A rischio collasso c’è l’intero comparto lattiero-caseario pugliese che conta oltre 2mila aziende con vacche e bufale, circa 3mila imprese con ovini e caprini da latte. In questo particolare settore, la maggioranza delle imprese si concentra nelle province di Bari e Taranto. Nel Foggiano e nel Barese si concentra la maggiore presenza di allevamenti ovicaprini. Il numero di capi allevati si attesta attorno ai 70mila bovini e bufalini, mentre registra oltre 300mila ovicaprini. Complessivamente, dunque, il rischio di non avere più le risorse necessarie a sfamare gli animali riguarda circa 370mila capi, considerando soltanto bovini, bufalini e ovicaprini.
In poche settimane, gli effetti devastanti della crisi che colpisce gli allevatori si riverseranno anche sulle circa 200 unità di trasformazione e raccolta del latte in tutta la Puglia.
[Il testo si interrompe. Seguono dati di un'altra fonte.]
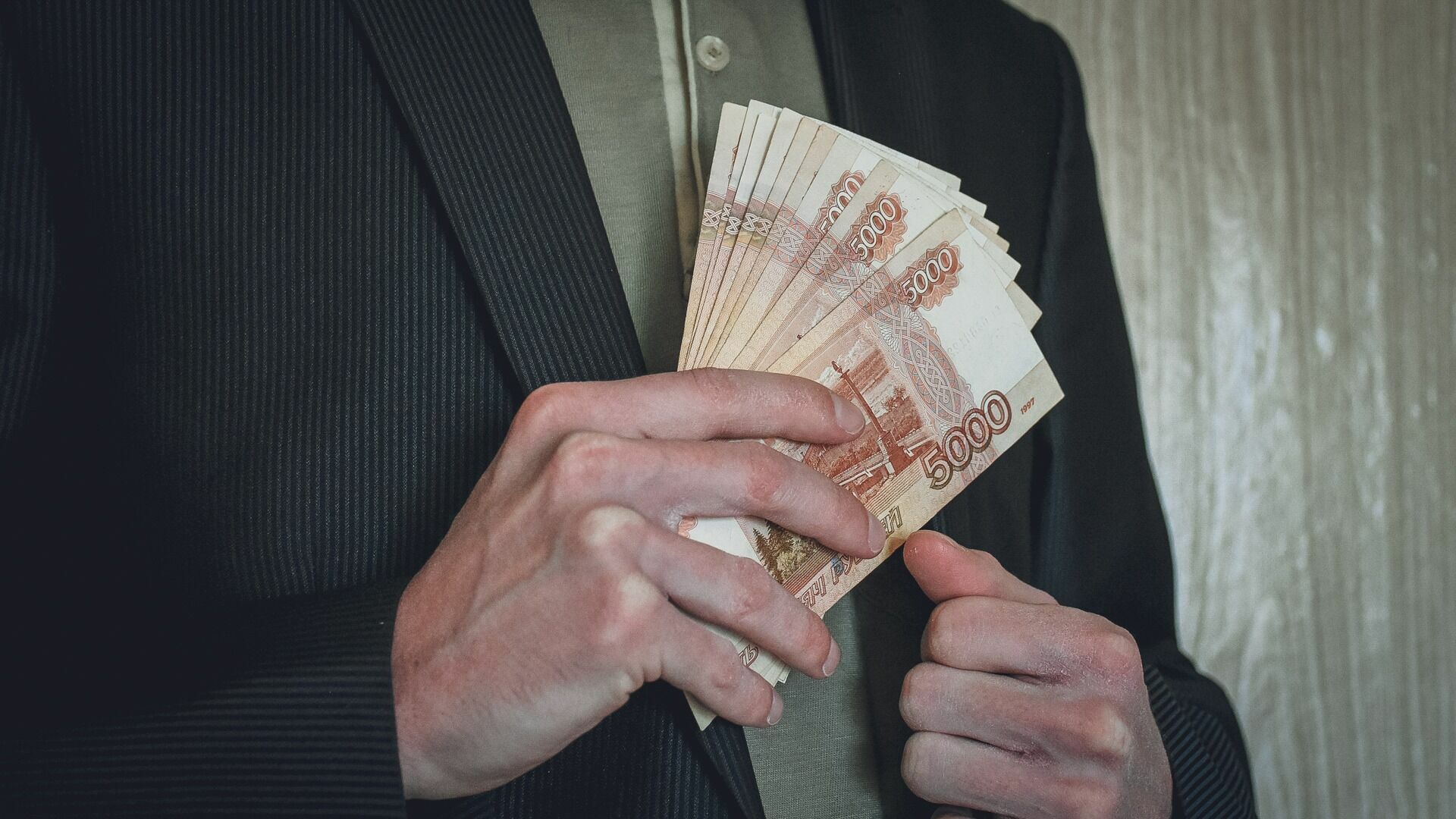 Трое депутатов гордумы Екатеринбурга дадут объяснения по своим доходам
Il latte raccolto a livello regionale è stato destinato alla trasformazione industriale di prodotti lattiero-caseari e recentemente ha portato all’ottenimento di oltre 108.000 tonnellate di latte alimentare (pari al 4% del totale nazionale), a poco più di 1.000 tonnellate di burro e a quasi 40.000 tonnellate di formaggi, per la gran parte attinenti la categoria “freschi”. Il settore zootecnico regionale, considerato nel suo complesso, si compone di poco più di 9.000 allevamenti.
SCONTRO SUL GRANO. A peggiorare il quadro, a Foggia, c’è anche quella che alcuni definiscono come “la guerra del grano”. Ieri, mercoledì 9 marzo, alla Borsa Merci della Camera di Commercio di Foggia i produttori hanno avuto la peggio. Avevano chiesto un aumento del prezzo del grano duro di 15 euro a tonnellata, per poter rientrare almeno in parte dal vertiginoso aumento dei concimi (il costo dell’urea è arrivato a oltre 150 euro al quintale). In commissione, una volta arrivati a votare, le due proposte di prezzo – l’una della parte industriale, l’altra dei produttori – hanno ottenuto lo stesso numero di voti.
A quel punto, però, invece di cercare una mediazione, il presidente (e industriale) Umberto Sacco ha fatto valere la regola secondo cui il suo voto vale doppio. In questo modo, l’aumento concordato è stato di soli 5 euro alla tonnellata, con una distanza marcata dai 15 euro richiesti dai produttori.
“In questo modo”, ha dichiarato Silvana Roberto, vicepresidente CIA Capitanata e membro della Commissione Unica Nazionale sul grano, “gli investimenti resteranno bloccati e i produttori di grano non riusciranno a rientrare almeno in parte dall’aumento folle di tutti i costi di produzione”.